So far, although we have not used the term, all of the treatment effects in the ANOVA models that we have considered have been fixed effects. We use fixed effects when we are interested in specific levels of the corresponding treatment factor. For example, in the hot dog data, were are interested in the three different types of hot dogs included in the experiment. As a second example, in the reading data, we were interested in drawing inferences about the three different teaching methods.
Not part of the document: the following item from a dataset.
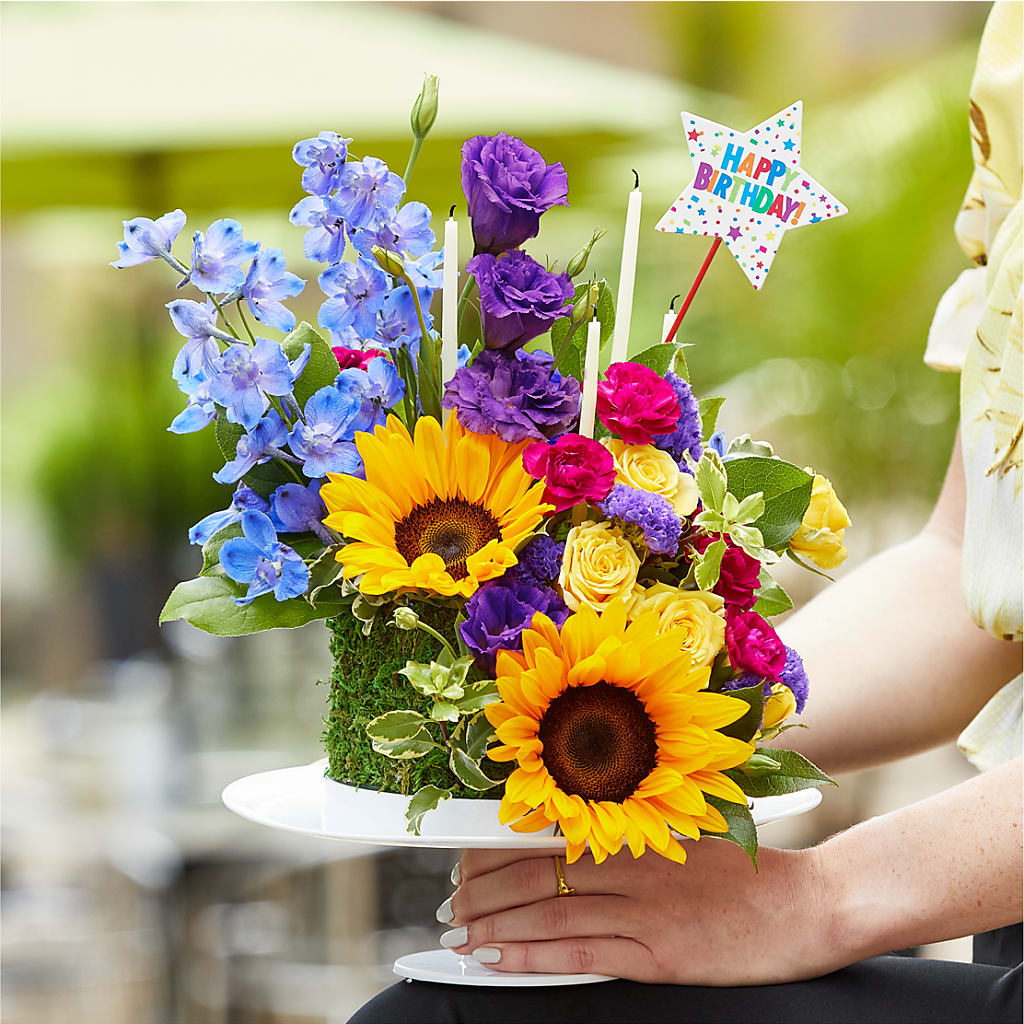 Star of the Day Floral Cake – GEHRKE FLORAL & GREENHOUSES, Mondovi WI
In contrast to fixed effects, we use random effects when the levels of a factor included in an experiment can be regarded as a representative (random) sample from a population of levels, and we are interested in drawing inferences about that population, not just the specific levels included in the experiment. The residual errors that we have included in all of our models so far is an example of a random effect. For example, in the reading data, we are not interested in drawing inferences about the particular 66 students included in the study, but instead we regard these students as a random sample from a larger population, and we want to learn about that population. Similarly, in the pine-resin data, we are not interested in limiting our inferences to the particular 24 trees included in the experiment, but we regard those particular trees as a representative sample from a population of trees to which we wish to extend our inferences.
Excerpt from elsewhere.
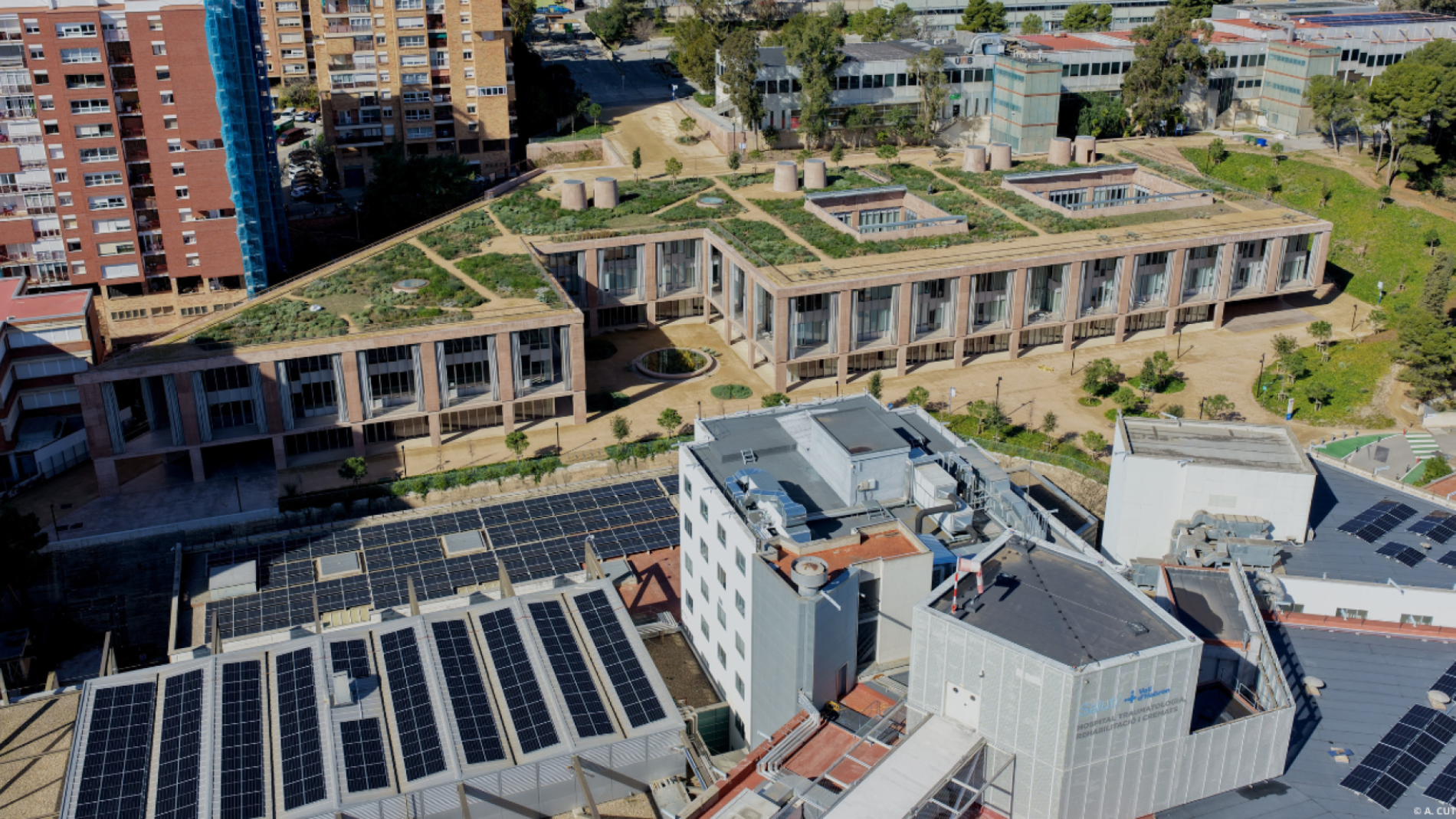 Plaques fotovoltaiques hospital traumatologia amb edifici VHIR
One (imperfect) way to determine whether a factor should be treated with fixed or random effects is to ask: if the experiment were repeated, would the same levels of the factor be included in the experiment, or would the experiment include a potentially different set of levels? If the experiment would include the same levels, then this suggests that the experimenter is interested in drawing inferences about these particular levels, and therefore fixed effects should be used. On the other hand, if the experiment could potentially include different levels, then this suggests that the levels have been drawn from some larger population of levels, and thus random effects should be used.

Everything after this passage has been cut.